#### [Exercise instructions]
Please copy out the full listing that follows exactly; no picture belongs in the copy.

#### [Collected data]
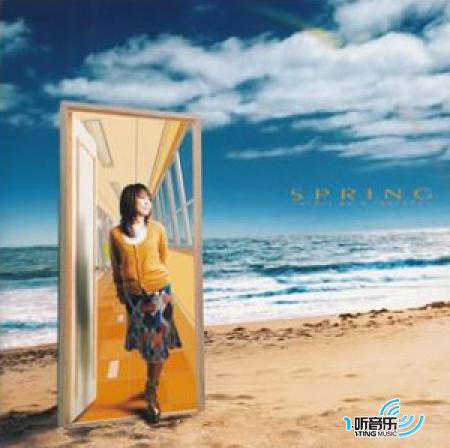 SPRING -start on a journey-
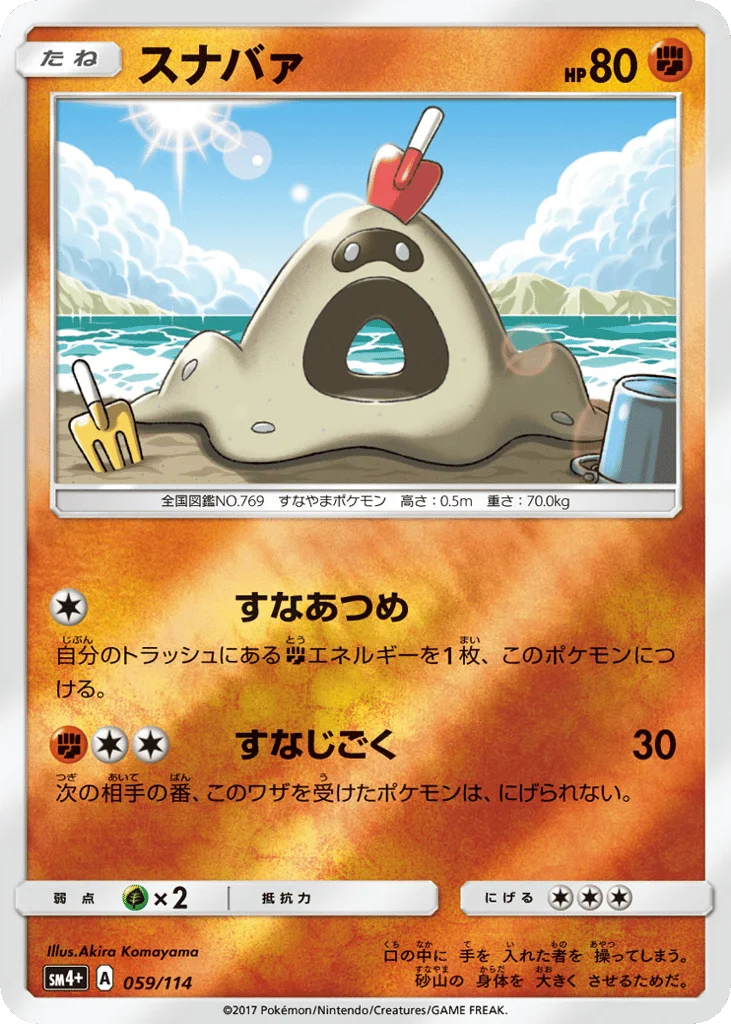 Sandygast · GX Battle Boost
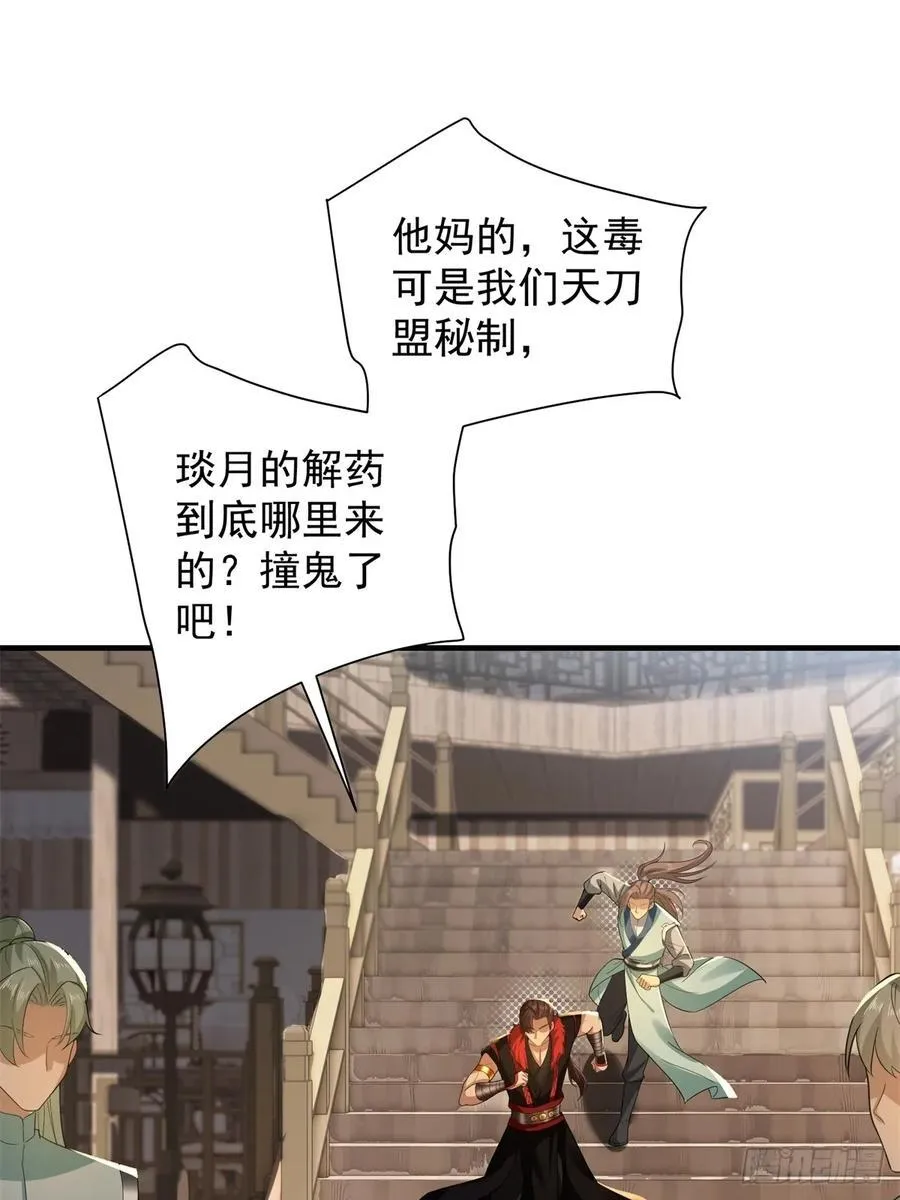 94 第23页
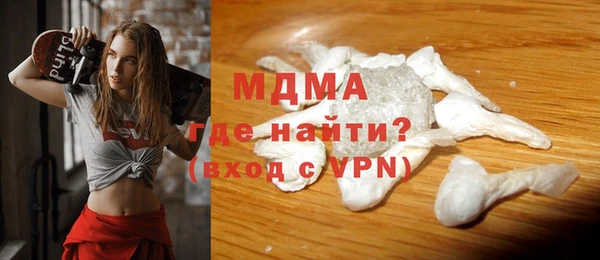 mdpv Балахна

#### [Result of this task]
 SPRING -start on a journey-
 Sandygast · GX Battle Boost
 94 第23页
 mdpv Балахна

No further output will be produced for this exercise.